▼

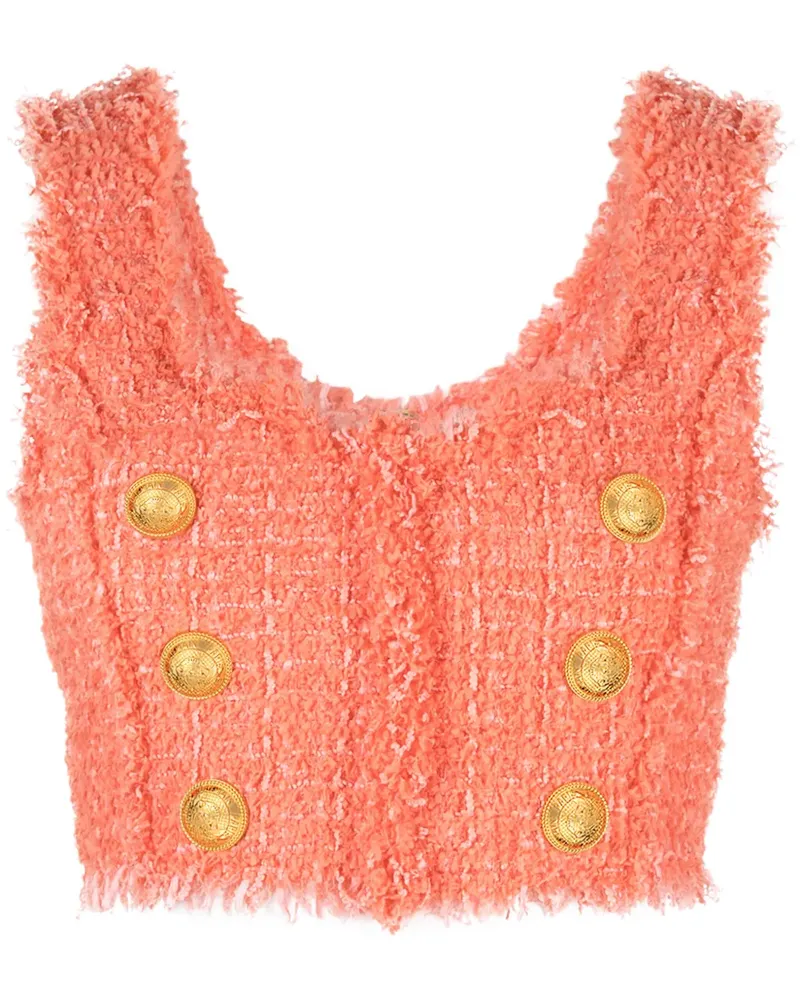 Balmain Tweed-Oberteil - Orange Orange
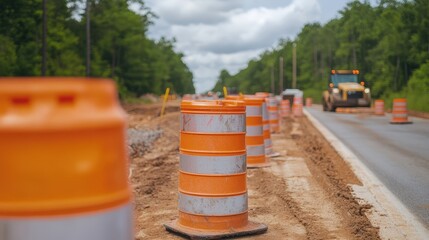 Orange construction barrels line a rural road under repair, with machinery in the background and trees on both sides.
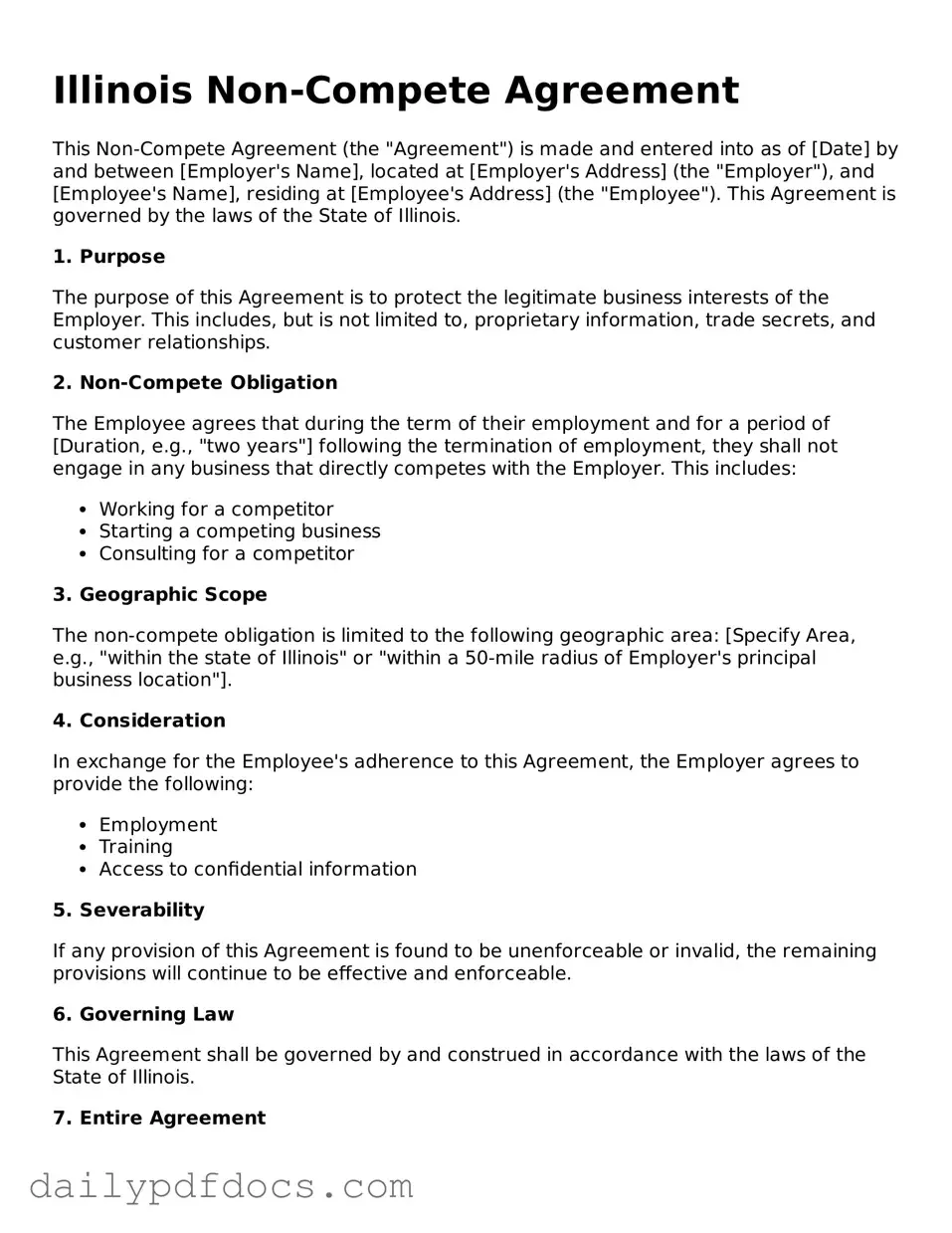 Printable  Non-compete Agreement Document for Illinois
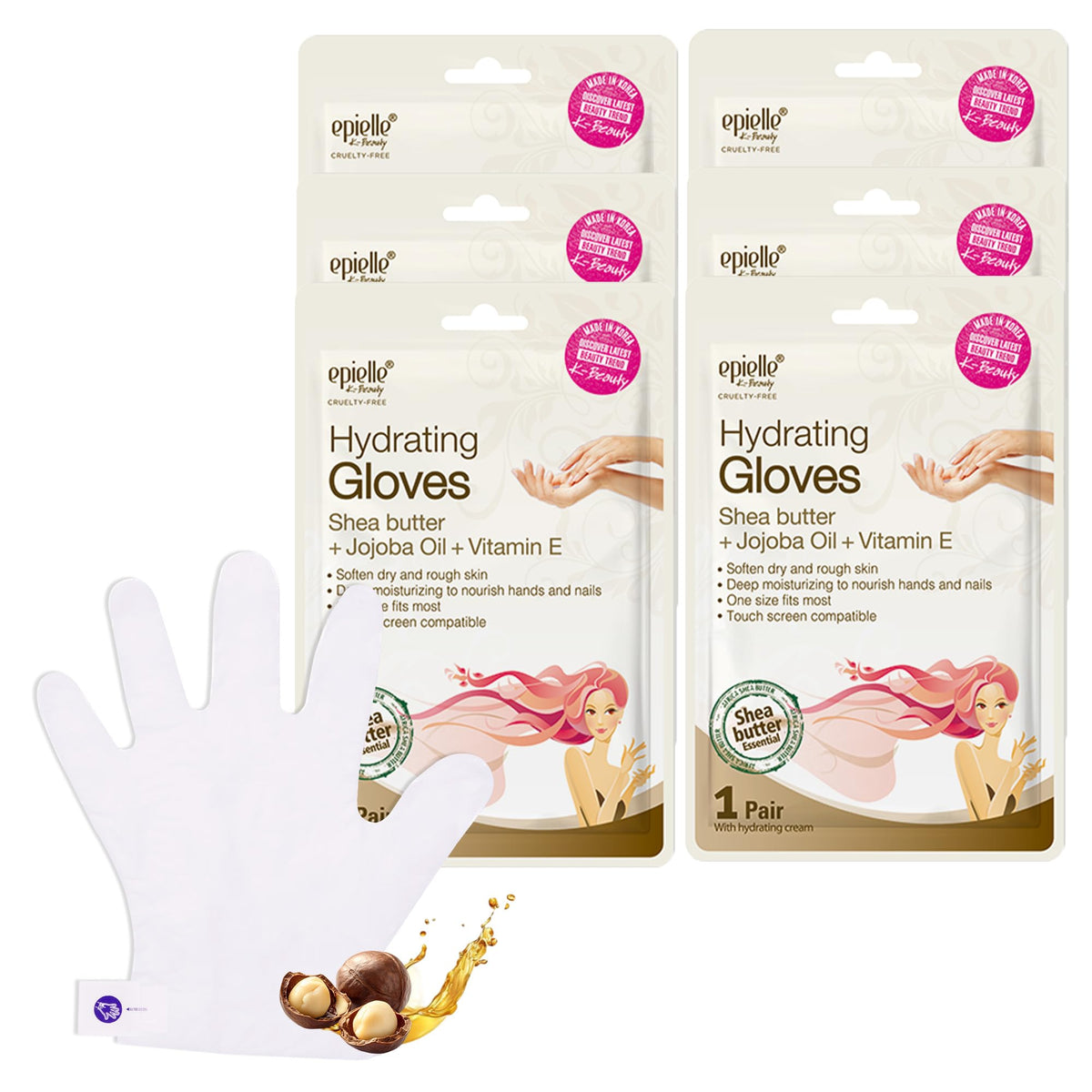 Epielle Moisturizing Hand Mask 6 Pairs, Soften with Sunflower Seed Oil & Vitamin E, Deep Moisturizing Gloves for Dry, Cracked Hands, Self Care Gifts for Women, Spa Kit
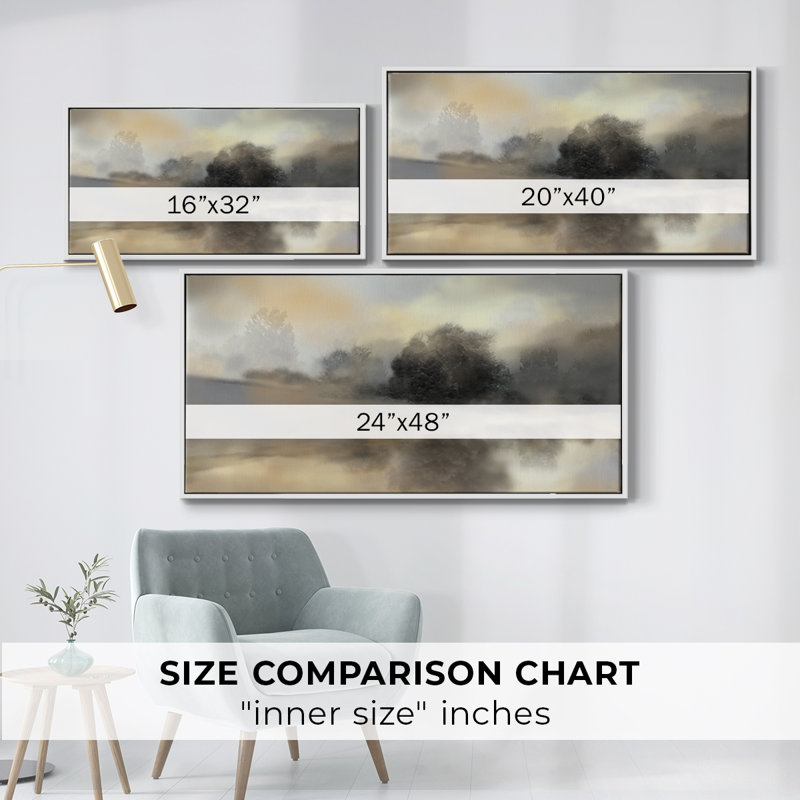 Misty Pond - Toile tendue avec châssis encadré - Prêt à être accroché, H 21 po x l 41 po, Blanc
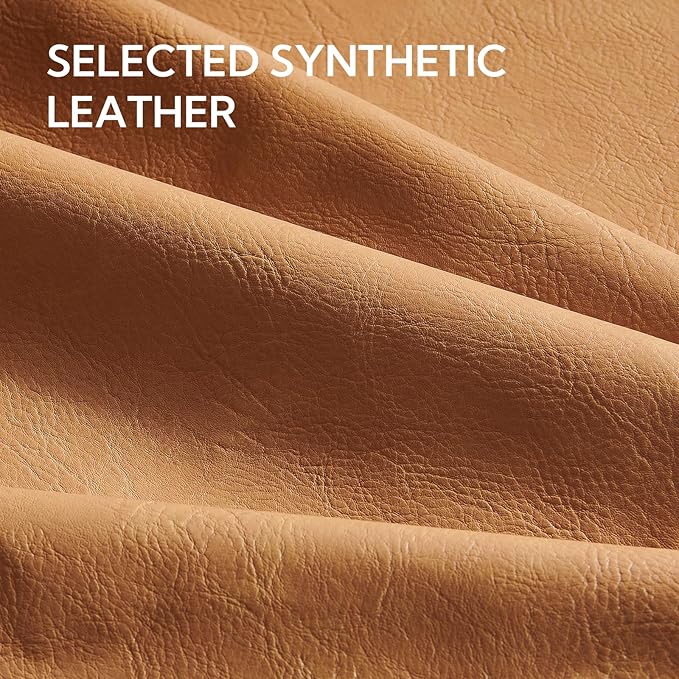 5 Seater Faux Leather Sofa Couch, 98'' L Shape Sectional Couch, Mid Century Modern Decor, Office Sectional Sofa Bed, for House, Apartment, Living Room, Tan-CasaMuseHome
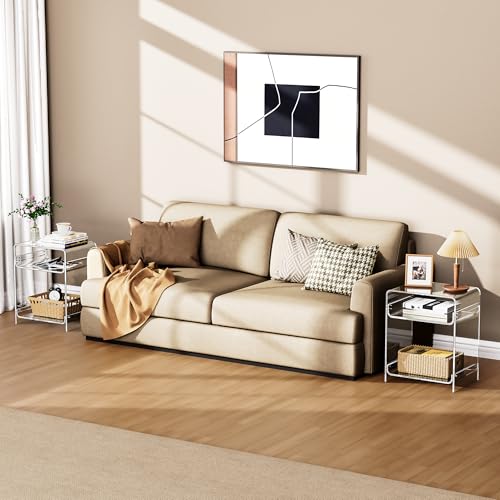 Acrylic End Table Record Player Table with Storage Shelf Clear Side Table Nightstand (Clear Set of 2)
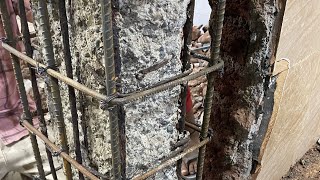 Process of Jacketing Damaged RCC Column | RCC Column Repair | Polymer Modified Mortar | Gorav Udasi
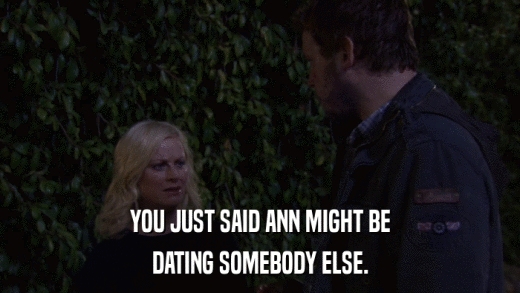 YOU JUST SAID ANN MIGHT BE DATING SOMEBODY ELSE. 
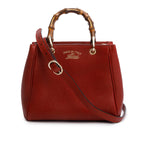 Red Calfskin Mini Bamboo Shopper Tote w/ Strap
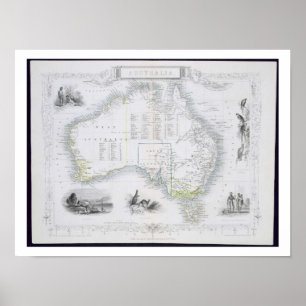 Póster Austrália, de uma série de mapas do mundo public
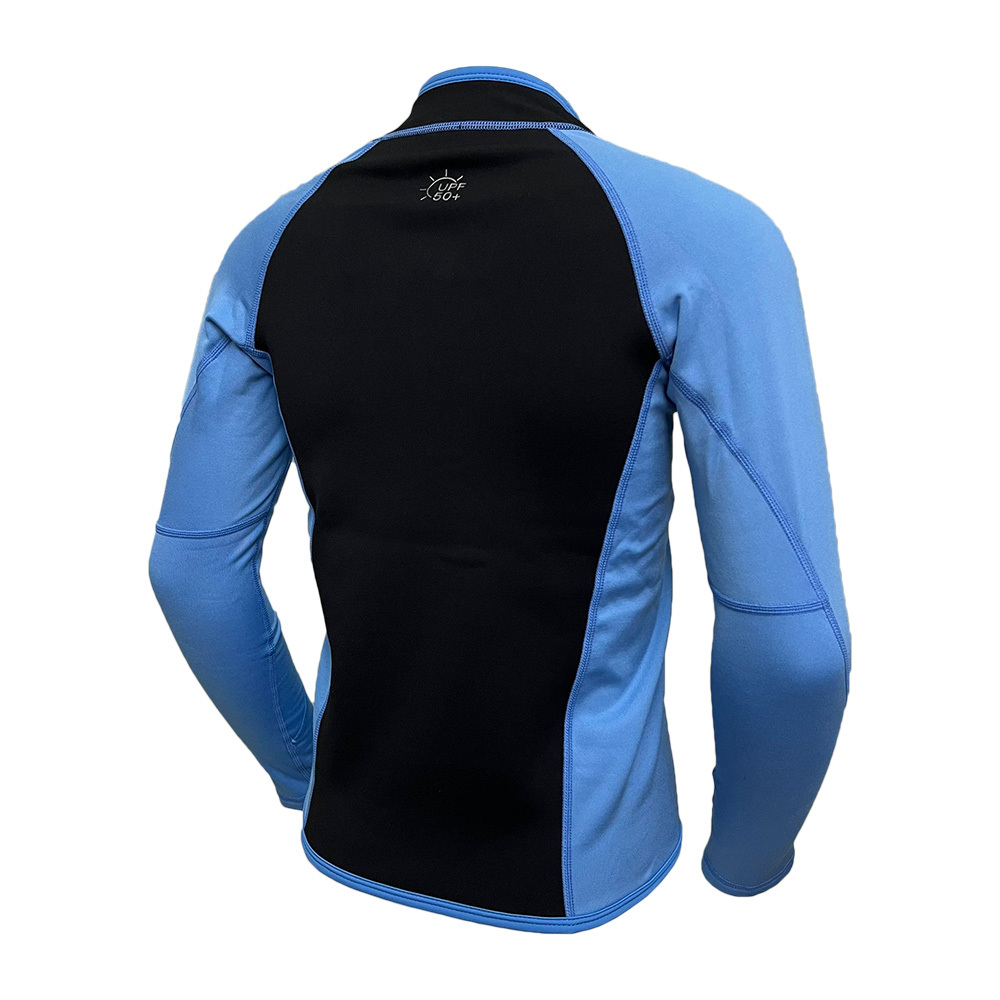 1mm 兒童短纖抓毛游泳保暖夾克 - 黑/藍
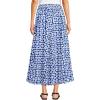 Lands’ End Women’s Poplin Godet Maxi Skirt(Blue Breeze Painted Geo)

▲

WORK INSTRUCTIONS |
Output, exactly and with no pictures, every line from the one that contains "Process of Jacketing" through the final line of the entries.

RESPONSE TO THIS TASK |
 Process of Jacketing Damaged RCC Column | RCC Column Repair | Polymer Modified Mortar | Gorav Udasi
 YOU JUST SAID ANN MIGHT BE DATING SOMEBODY ELSE. 
 Red Calfskin Mini Bamboo Shopper Tote w/ Strap
 Póster Austrália, de uma série de mapas do mundo public
 1mm 兒童短纖抓毛游泳保暖夾克 - 黑/藍
 Lands’ End Women’s Poplin Godet Maxi Skirt(Blue Breeze Painted Geo)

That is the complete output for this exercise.